When you copy the data that follows, reproduce every word exactly and leave out the images.

■ SUPPLIED DATA ■
== == ==

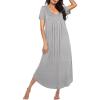 Ekouaer Moo Moos for Women House Dress Long Nightgown Flora Print Mumus Dress S-4XL(Grey)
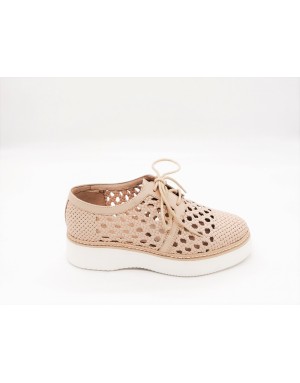 WHAT FOR WF168 SNEAKER LACCI IN VITELLO INTRECCIO COLORE NUDE, FONDO GOMMA EXTRA LIGHT 3 CM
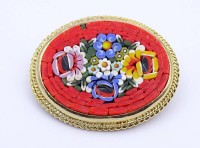 Los  <br>Modeschmuck Mosaikbrosche, oval, bez. Italy, 40x33mm, 1 Stück erneuert,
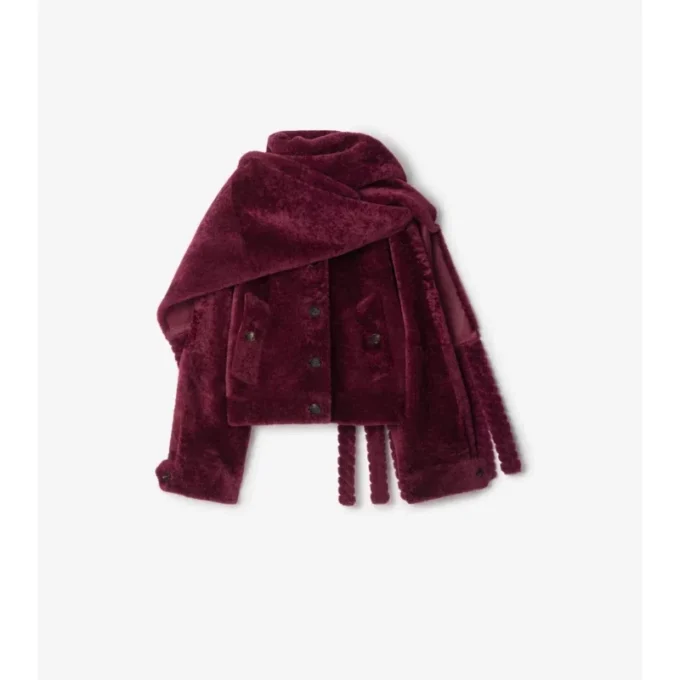 Chaqueta de piel de oveja con bufanda desmontable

== == ==

■ WRITTEN REPLY ■
 Ekouaer Moo Moos for Women House Dress Long Nightgown Flora Print Mumus Dress S-4XL(Grey)
 WHAT FOR WF168 SNEAKER LACCI IN VITELLO INTRECCIO COLORE NUDE, FONDO GOMMA EXTRA LIGHT 3 CM
 Los  <br>Modeschmuck Mosaikbrosche, oval, bez. Italy, 40x33mm, 1 Stück erneuert,
 Chaqueta de piel de oveja con bufanda desmontable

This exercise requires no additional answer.